US: Colorado bill aims to lower tax rate for hydroponic facilities

A bill introduced into the Colorado Legislature this week is designed to help hydroponic facilities lower their operating costs. The measure, House Bill 1301, would define such operations as “controlled environment agricultural facilities,” meaning their property taxes would be based on the lower agricultural assessment rate of 13%, instead of the higher 29% rate assessed on commercial operations. The bill was introduced by Reps. Matt Soper, R-Delta, and Dylan Roberts, D-Eagle.

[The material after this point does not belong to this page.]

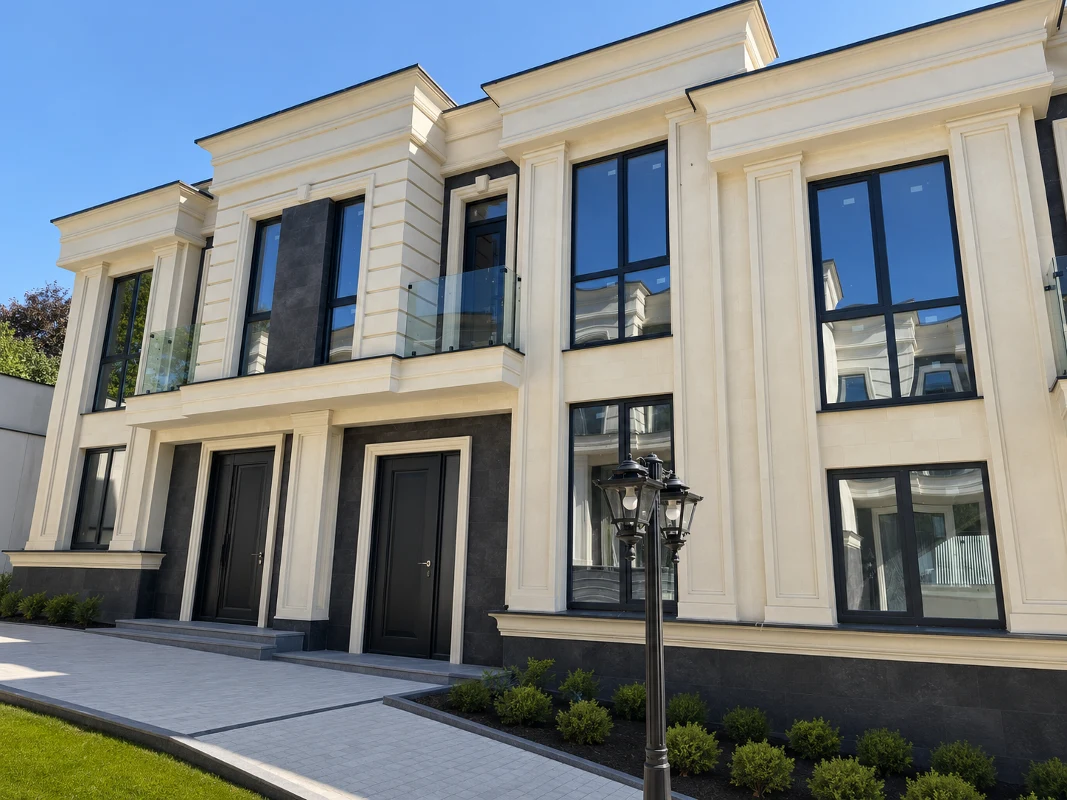 Flexible stone on a residential complex facade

Soper said he introduced the bill to help farms and ranches that want to turn to hydroponics because they don’t have enough water to grow food for their livestock. He got the idea from Andrew and Mandy Massey, who operate a ranch in Gateway.

“They have found a new technology to deal with drought, climate change and over appropriation of the river,” Soper said. “They wanted to be able to stay on their family ranch in Gateway, but there was not enough water to grow the alfalfa and hay to sustain a herd of cattle. The young couple invested in hydroponics, which they had seen on ranches in eastern Utah.”

The problem is, however, that Colorado tax law defines such facilities as commercial, and not agriculture, dramatically increasing their tax burden. Roberts floated a similar idea near the end of last year’s legislative session, but because it was too late in the session, he never introduced a bill.